Still stiff from yesterday’s many kilometers, I took the Metro over to the island of Hong Kong. They have a digital transit card here, called Octopus. Truly a handy thing, lives on your smartphone so you just wave your phone at the turnstile without having to keep track of yet another card. NB: the Tourist version is a separate but similarly named app (Octopus for Tourists) and the top-ups are made through the app rather than directly via the Wallet. (Do not ask me how I learned this.)
Anyhow, there I am in Central, of a warm and very humid Saturday morning. Remember when I said every square meter was either high rise or pavement? Yeah, even moreso here.

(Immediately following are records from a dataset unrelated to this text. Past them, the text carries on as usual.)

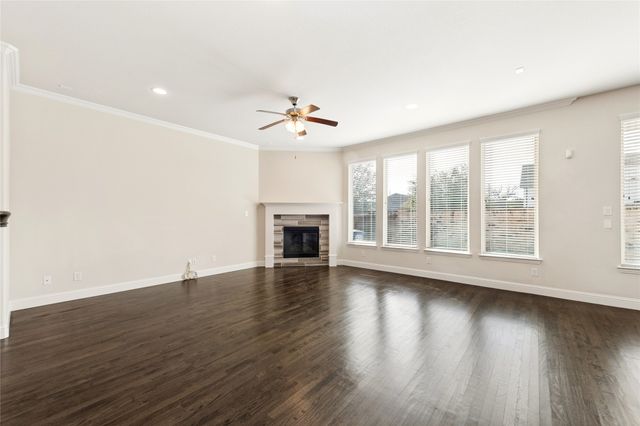 8836 Wandering Branch, Keller, TX 76248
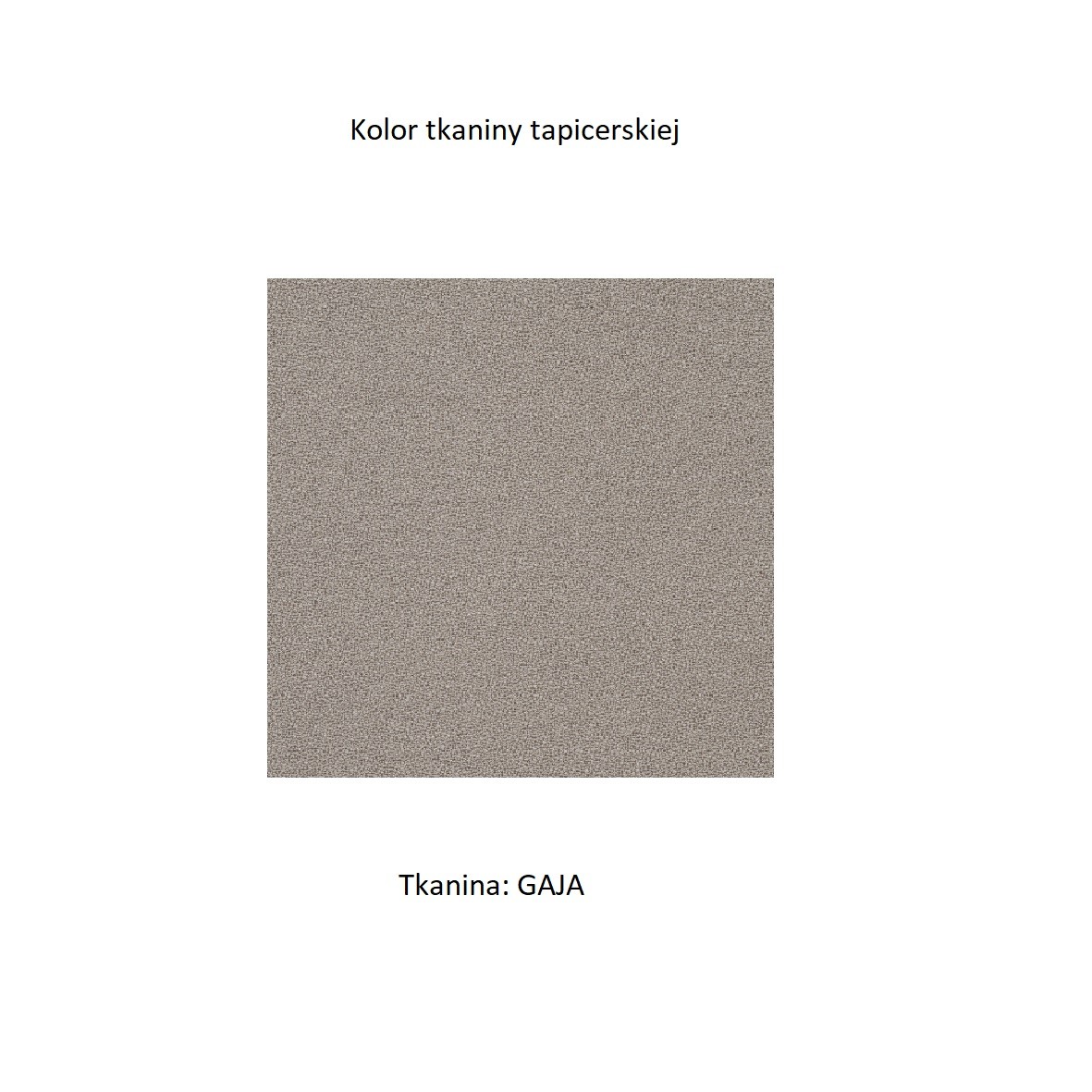 Główna galeria - Fotel Serie 50C firmy La CIVIDINA (4)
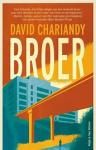 Chariandy, David - Broer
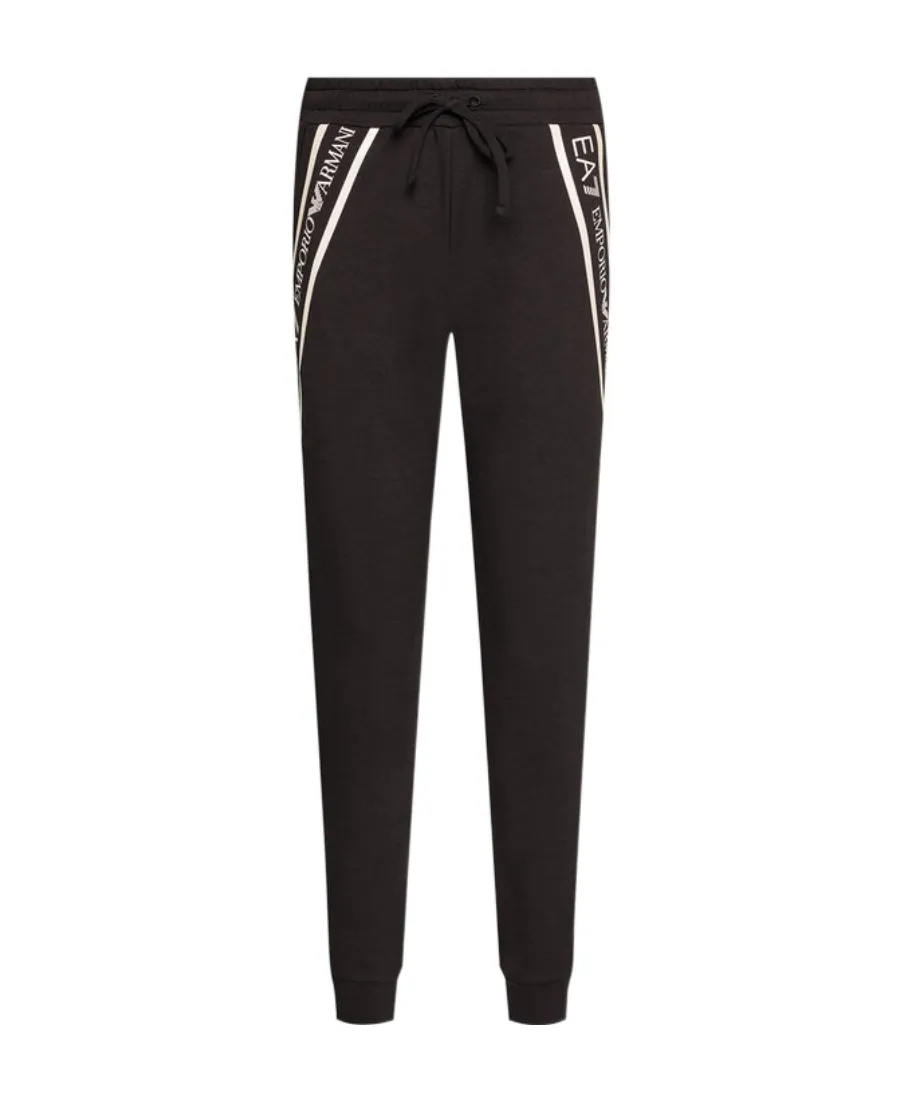 Logo Details Sweatpants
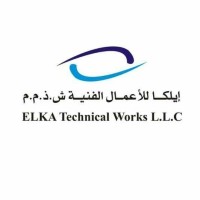 ELKA Technical Works LLC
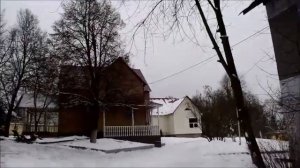 Отель Валеско Московская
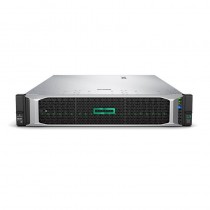 Серверы HPE ProLiant DL560 Gen10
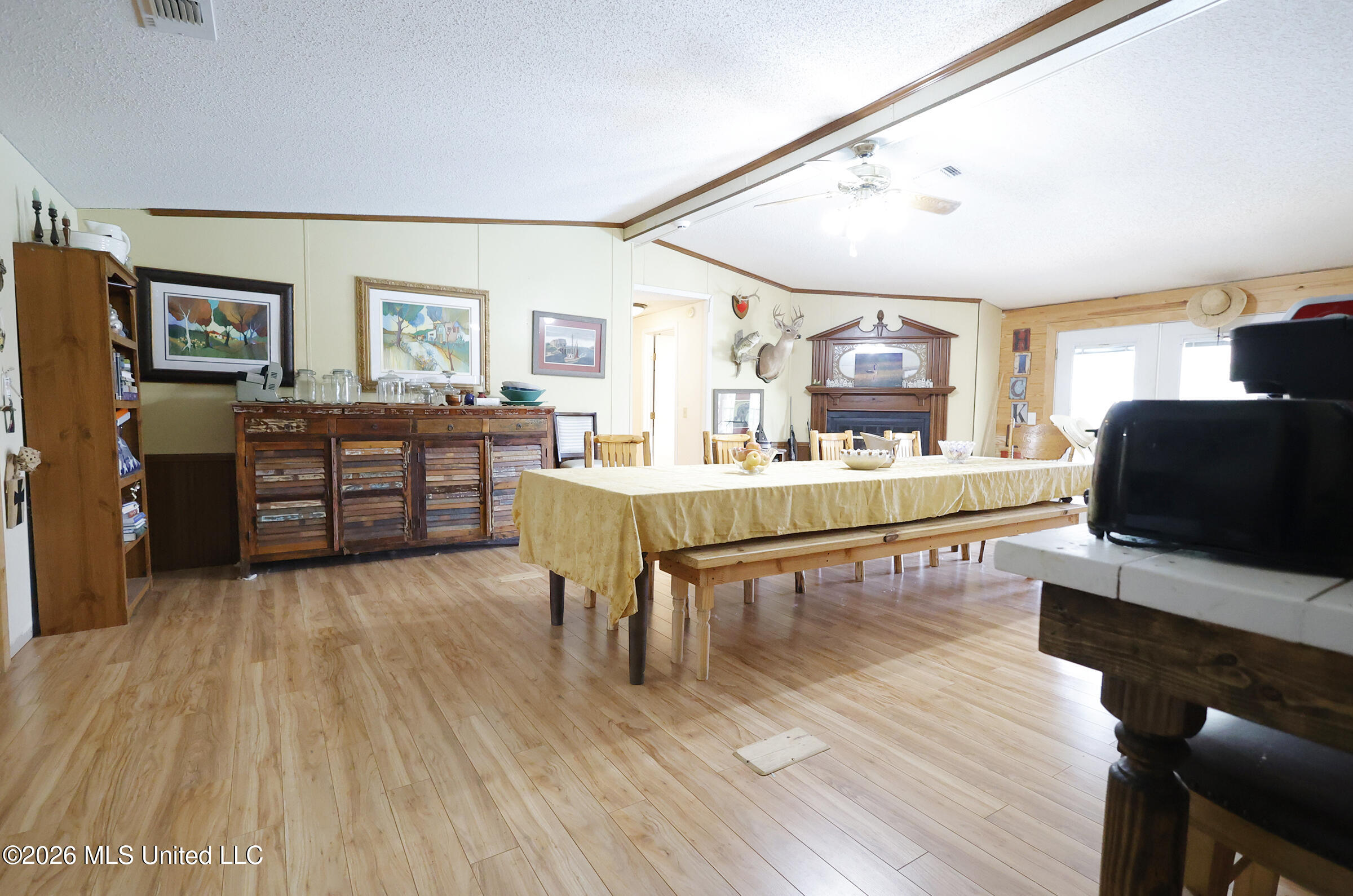 3052 C D Rayborn Road Jayess, MS 39641 - Photo 28 of 56 _JCS0099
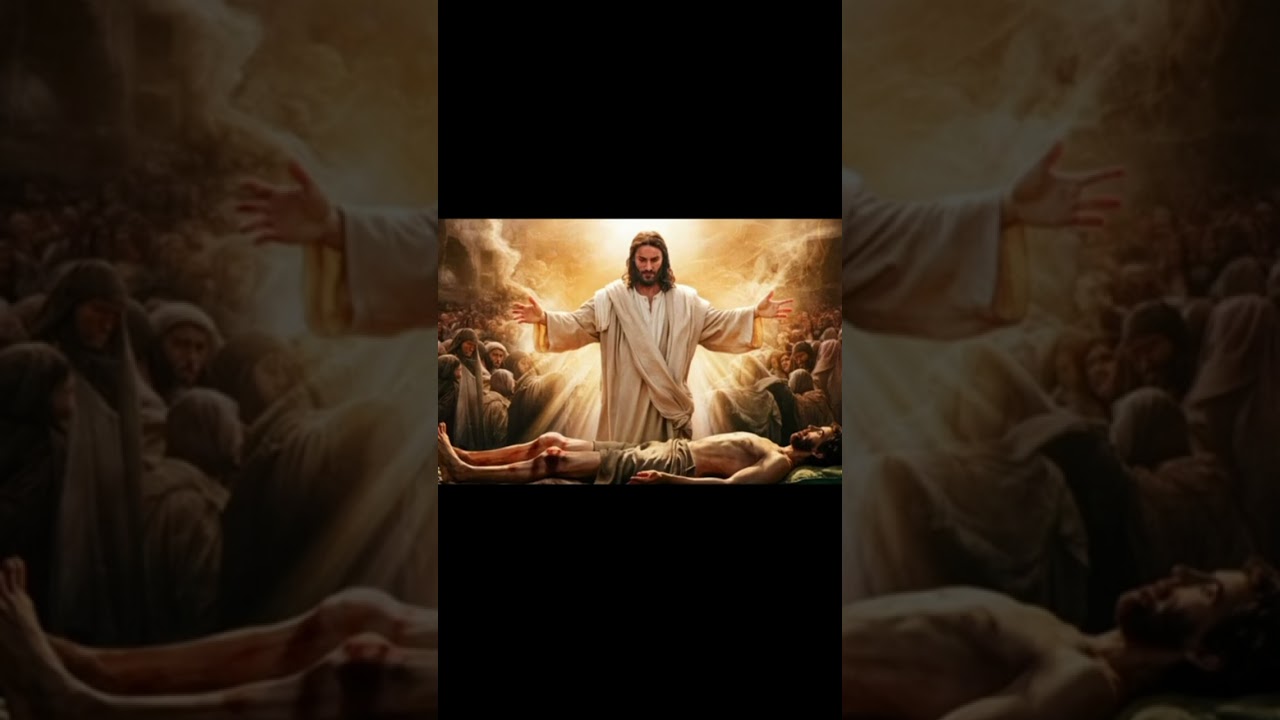 2026 එළිදරව්ව ස්වාමින් වහන්සේ තම සෙනඟට, විශේෂයෙන් කාන්තාවන්ට කතා කරයි. Calling on his people 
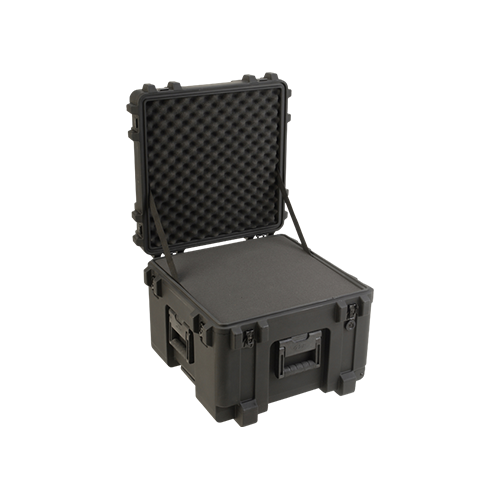 Foam Utility Cases Foam Utility Cases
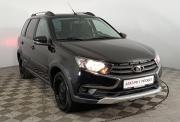 Lada (ВАЗ) Granta I Рестайлинг Волгоград  - изображение 25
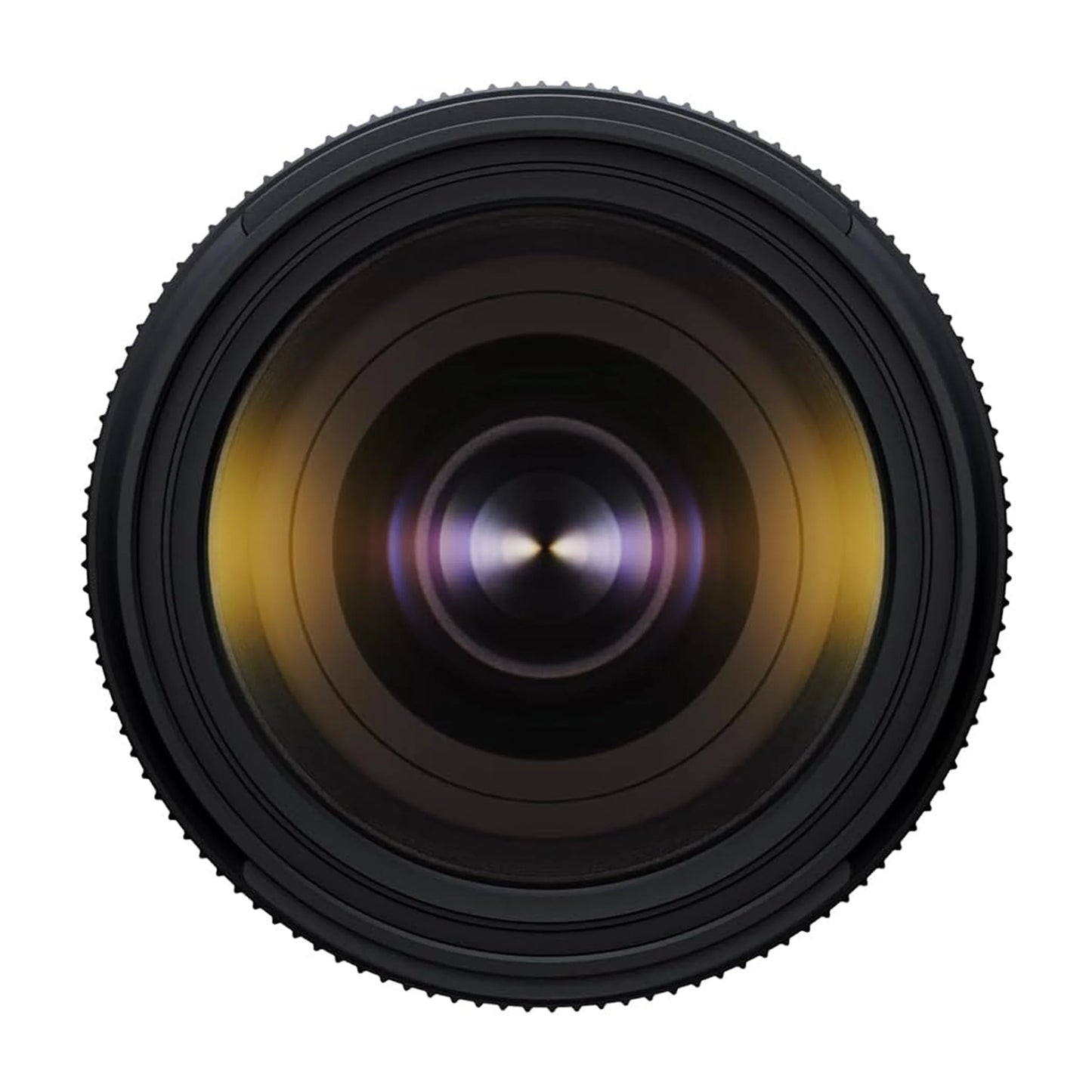 Tamron 28-75mm f/2.8 Di III VXD G2 Lens (Sony E, A063)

To solve the problem there are now a huge web of pedestrian raised walkways, overpasses, tunnels, concourses etc, none of which are shown on the maps (I have three). And this is a good thing, because the streets (four lanes abreast) move at freeway speeds. With no street level pedestrian crossings. Quite intimidating, actually.
I’m following the walking tour route from one of the guidebooks. Passing the Mandarin Oriental Hotel, I decided the lobby needed investigation. Purely for research, mind you. Comparison to the Peninsula lobby yesterday if nothing else. Oh my. All done up in black and gold, faux marbling on all (I do mean all) the walls, chamber music, extremely comfortable chairs, and … scent! Roses! I must admit my research went on for quite awhile.
Finally I managed to wrench myself away from this seduction and continued on my way, uphill, to the Victoria Peak tram station. I’d taken this on my first trip here, back in 1983. I had completely forgotten how incredibly steep this funicular runs, but I remembered the views.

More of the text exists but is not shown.